What the task requires: From the entries below, print exactly the span beginning with the line holding "Кресло велюровое 98x101x88см" and ending with the line holding "DUX Popular Collection 10 Klarinette+Klavier", endpoints included, and skip any pictures.

Scraped caption text data

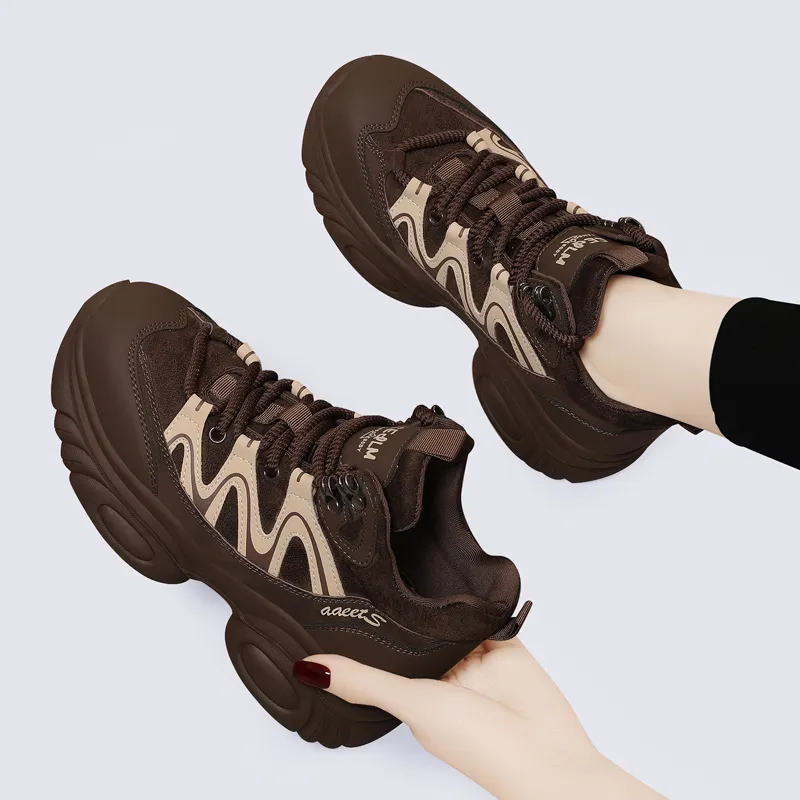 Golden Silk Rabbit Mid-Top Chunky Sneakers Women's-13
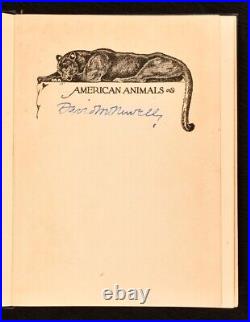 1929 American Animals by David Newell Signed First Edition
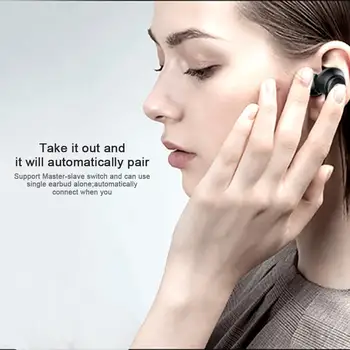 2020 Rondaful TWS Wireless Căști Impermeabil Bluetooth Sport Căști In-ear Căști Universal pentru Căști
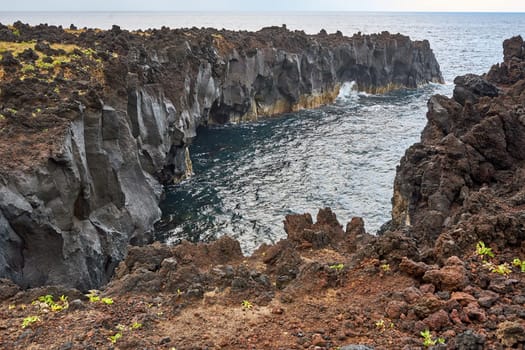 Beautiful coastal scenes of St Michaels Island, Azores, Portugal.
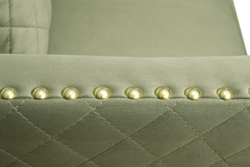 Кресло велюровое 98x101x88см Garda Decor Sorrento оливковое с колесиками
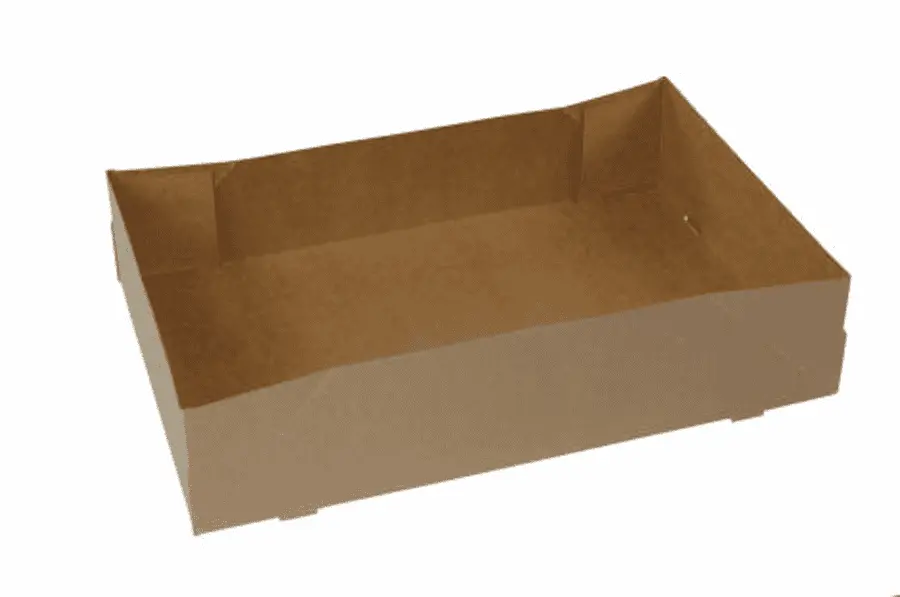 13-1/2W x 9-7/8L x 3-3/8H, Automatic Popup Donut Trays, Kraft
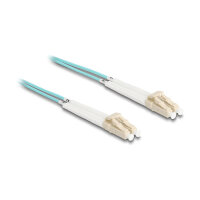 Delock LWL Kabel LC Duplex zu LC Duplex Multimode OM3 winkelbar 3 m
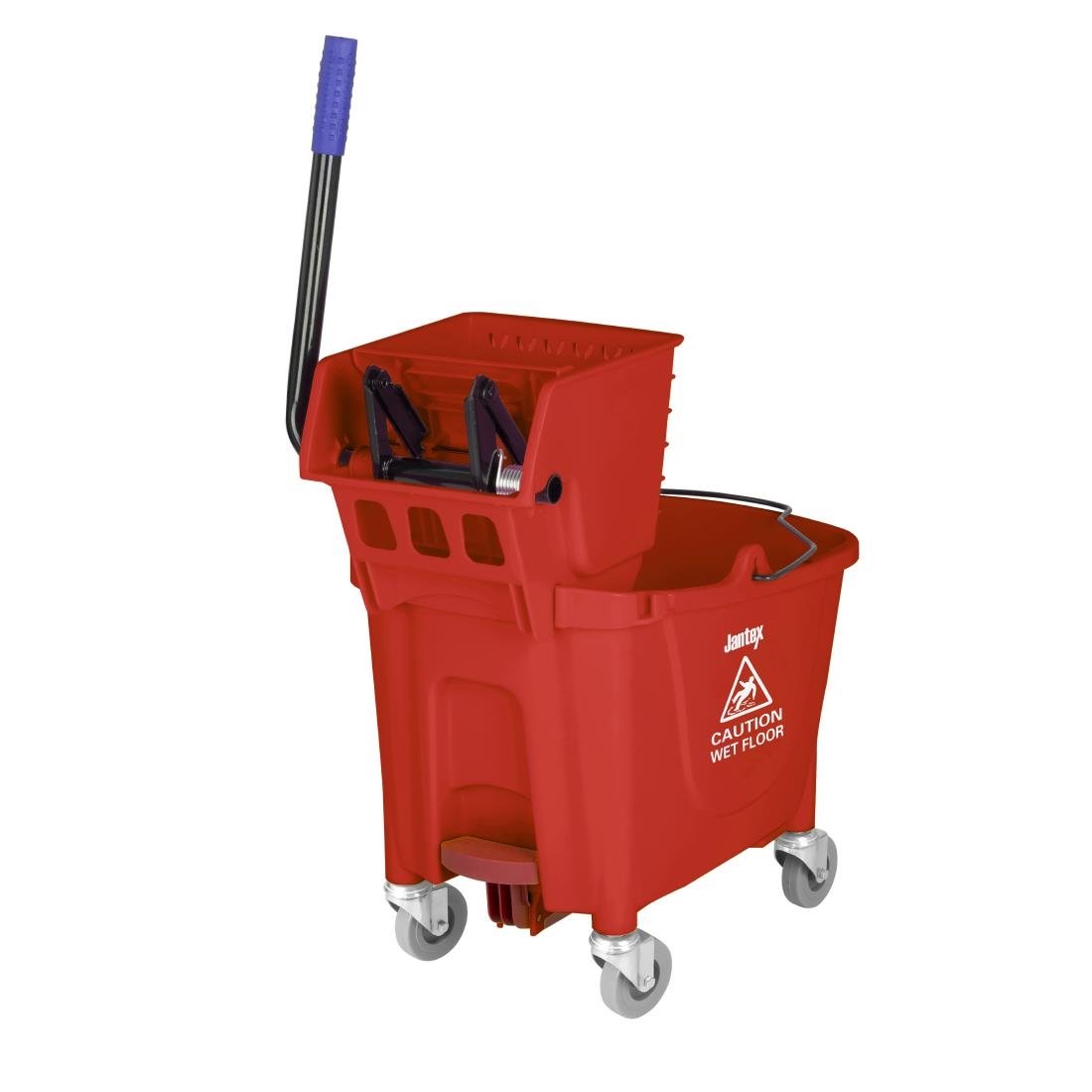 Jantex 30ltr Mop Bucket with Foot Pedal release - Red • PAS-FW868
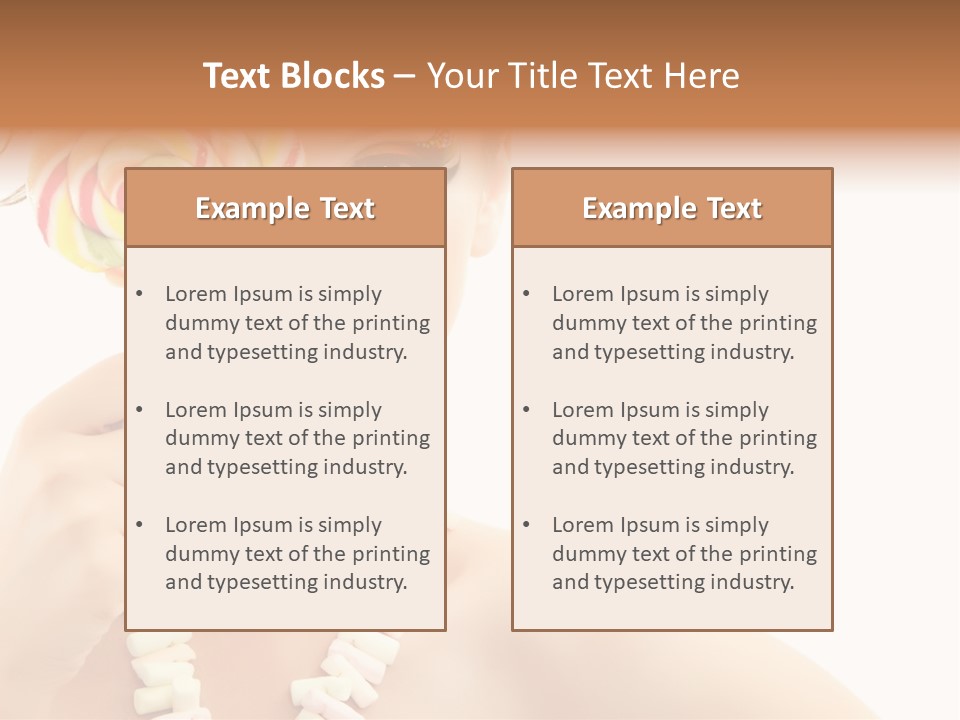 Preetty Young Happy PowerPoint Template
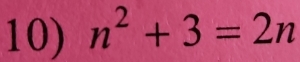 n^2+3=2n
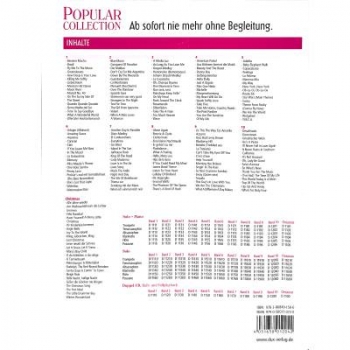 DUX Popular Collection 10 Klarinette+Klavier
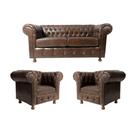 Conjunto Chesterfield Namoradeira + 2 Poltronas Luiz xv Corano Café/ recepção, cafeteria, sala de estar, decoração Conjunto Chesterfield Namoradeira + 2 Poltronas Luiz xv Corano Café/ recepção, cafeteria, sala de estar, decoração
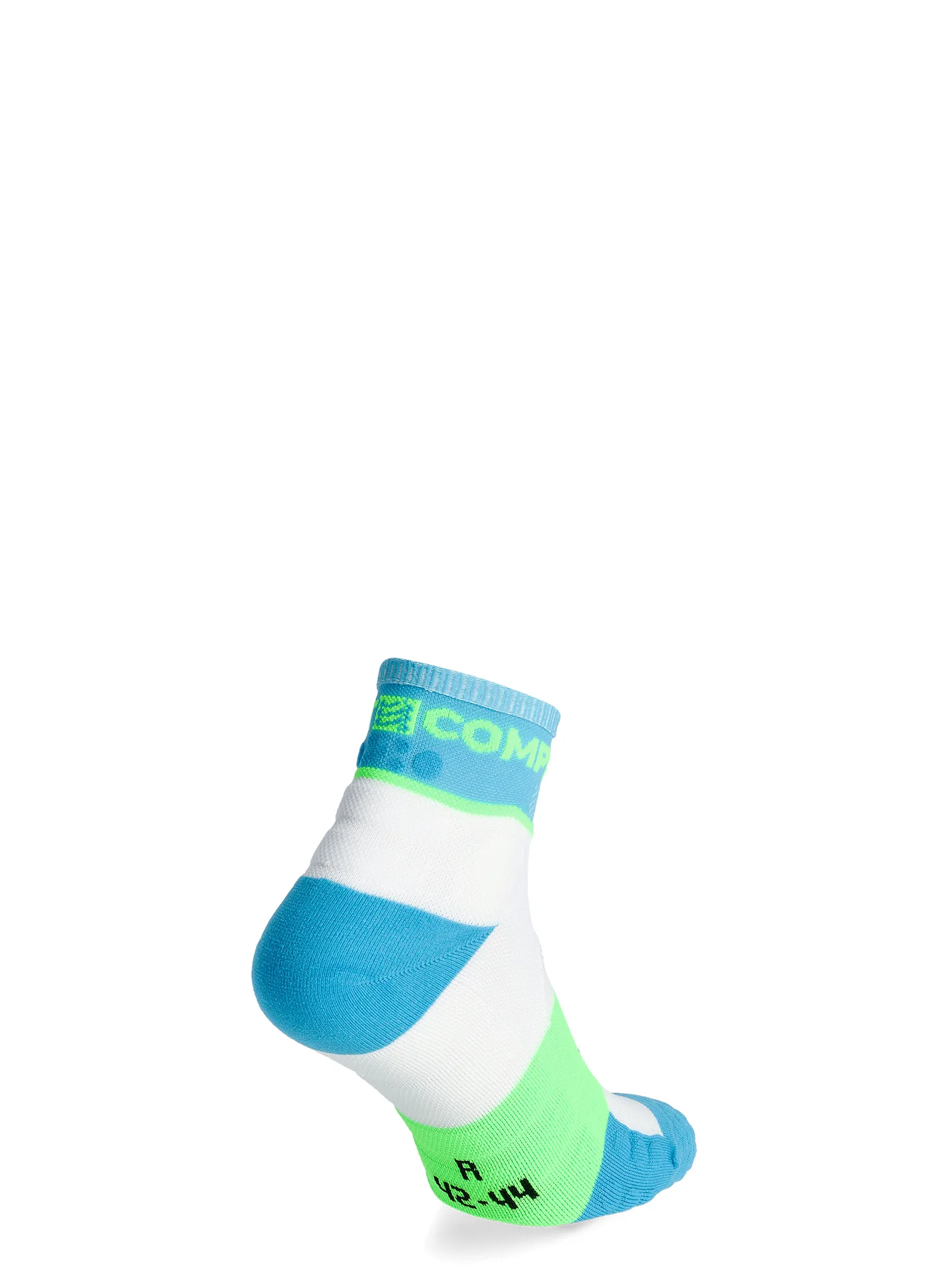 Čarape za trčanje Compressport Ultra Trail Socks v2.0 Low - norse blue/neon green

Completed exercise:
 Кресло велюровое 98x101x88см Garda Decor Sorrento оливковое с колесиками
 13-1/2W x 9-7/8L x 3-3/8H, Automatic Popup Donut Trays, Kraft
 Delock LWL Kabel LC Duplex zu LC Duplex Multimode OM3 winkelbar 3 m
 Jantex 30ltr Mop Bucket with Foot Pedal release - Red • PAS-FW868
 Preetty Young Happy PowerPoint Template
 n^2+3=2n
 DUX Popular Collection 10 Klarinette+Klavier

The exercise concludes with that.